— Task objective —
Transcribe the full listing exactly, and drop every picture.

— Material provided —
■ ■ ■
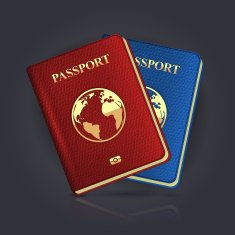 Passport N2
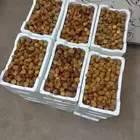 رطب سكري فاخر من المزرعة مباشرة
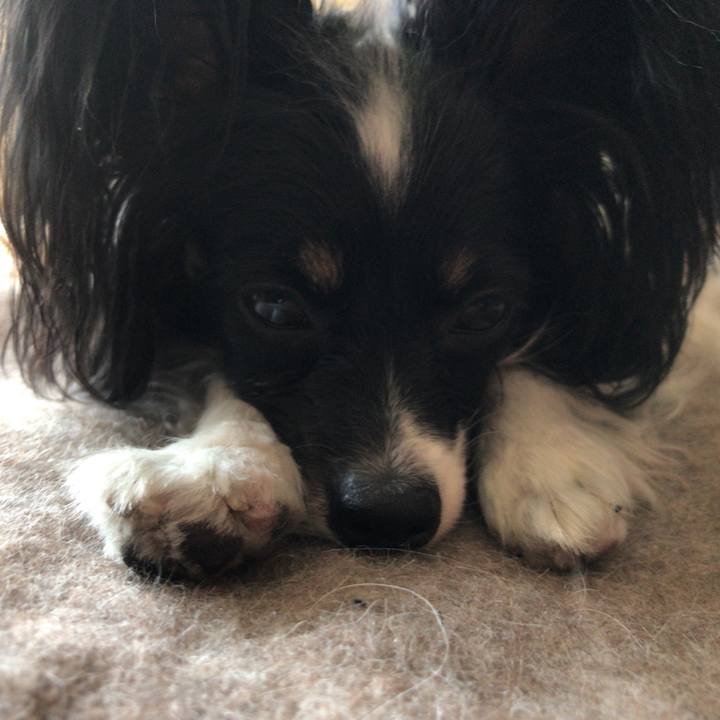 50c382a1 d0cc 4e47 b4be 7ecc1a9d7d0f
■ ■ ■
— Reply to the task —
 Passport N2
 رطب سكري فاخر من المزرعة مباشرة
 50c382a1 d0cc 4e47 b4be 7ecc1a9d7d0f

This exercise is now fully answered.